Franklin, the James B. Duke Professor Emeritus of History at Duke University, is the leading scholar in the establishment of African-American history, says Dr. James H. Billington, the Librarian of Congress.

“The transformation he has helped bring about in how we think about American history and society will stand as his lasting intellectual legacy,” Billington says.

One scholar reviewing nominations for the Kluge Prize wrote of Franklin: “He is arguably the most important African-American historian, and the most important historian of the African-American experience, in the history of the academy.”
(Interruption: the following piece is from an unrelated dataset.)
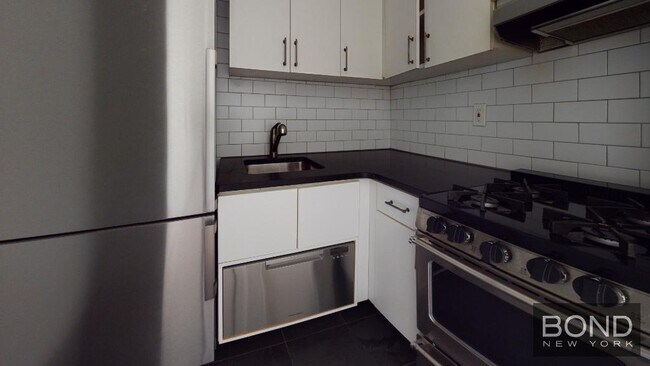 Foto del edificio - 324 E 83rd St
Franklin told Diverse he was “flattered, pleased, honored and humbled” by the award. Although he has received many prestigious awards in his lifetime, including the Presidential Medal of Freedom, the Kluge was monetarily the highest award, he says.

“I visited the Monet exhibit at the North Carolina Museum of Art,” Franklin says on how he celebrated his new prize. “I continue to celebrate life.”

A Fisk University graduate, Franklin will use part of his award to fund a scholarship he established in 1999 in his wife’s name. A native of Oklahoma, Franklin received his master’s and doctorate in history from Harvard University. Diverse presents awards in Franklin’s name to other pioneering and outstanding scholars

“[The Kluge] is an amazing award for an amazing man,” says Ken West, a spokesman for Fisk. “He’s made history more relevant for me and many of our students by using his textbooks, having dialogue and telling the story of Americans in general. We are thankful to have him and looking forward to working with him in the future.”

The Library of Congress announcement calls Yu, the second winner, “the greatest Chinese intellectual historian of our generation.” Yu, an Emeritus Professor of East Asian Studies and History at Princeton University, is also an outspoken critic of the communist government.

A scholar reviewing Yu’s nomination stated: “The rare distinction of having been elected to full professorships at Harvard, Yale and Princeton undoubtedly confirms the high esteem in which he is held. However, his actual scholarship is a much more important indication of his lifetime achievement, compared to his career successes.”

The Kluge Prize rewards lifetime achievement in the wide range of disciplines not covered by the Nobel prizes, including history, philosophy, politics, anthropology, sociology, religion, criticism in the arts and humanities and linguistics.

Franklin and Yu will officially receive the prize on Dec. 5, 2006, at the Library of Congress, and will return next year to present a scholarly discussion of their body of work at the Library.